The original fix for HBASE-14598 addressed two aspects:
 # When a Scan/Get RPC attempts to allocate an excessively large array that 
could trigger an OutOfMemoryError (OOM), it checks the array size before 
allocation and throws a {{BufferOverflowException}} to prevent OOM.

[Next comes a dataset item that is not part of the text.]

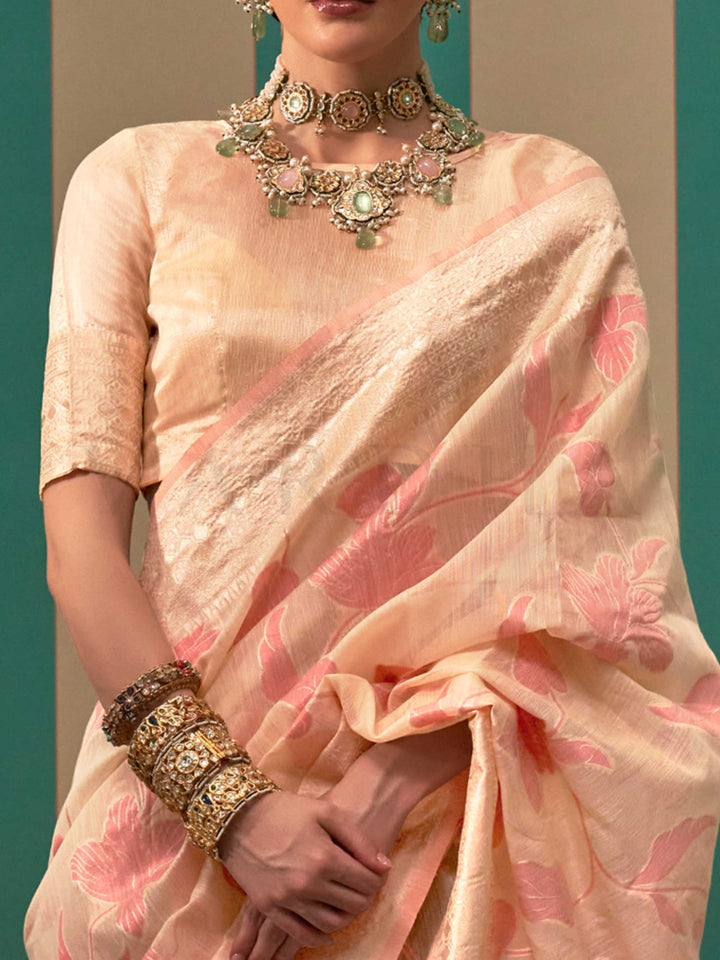 Champagne and Rose Pink linen saree with floral woven motifs and soft handloom texture This image captures the zoomed texture view illustrating fabric weave and print clarity, ideal for visualizing festive elegance, designer appeal, and modern styling inspiration. Perfect for online shoppers seeking detailed previews before purchase, enhancing saree visual merchandising and SEO-rich product display strategy.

 # The fix intended to stop client retries for such failures by throwing a 
{{DoNotRetryException}} when a {{BufferOverflowException}} occurs, as retrying 
cannot resolve the underlying issue.

*The Problem:* The {{DoNotRetryException}} is never propagated to the client 
side. Here's the issue flow:
 # {{ByteBufferOutputStream.checkSizeAndGrow()}} throws 
{{BufferOverflowException}}
 # The exception propagates through the call stack:
 ** {{ByteBufferOutputStream.checkSizeAndGrow()}}
 ** {{encoder.write()}}
 ** {{encodeCellsTo() (Catch BufferOverflowException and turn it into 
DoNotRetryIOException)}}
 ** {{this.cellBlockBuilder.buildCellBlockStream()}}
 ** {{call.setResponse()}}
 # The {{DoNotRetryException}} is ultimately caught in call.setResponse, where 
it is merely logged but not sent back to the client
 # As a result, the client continues retrying indefinitely since the response 
is null and  netty connection will be closed.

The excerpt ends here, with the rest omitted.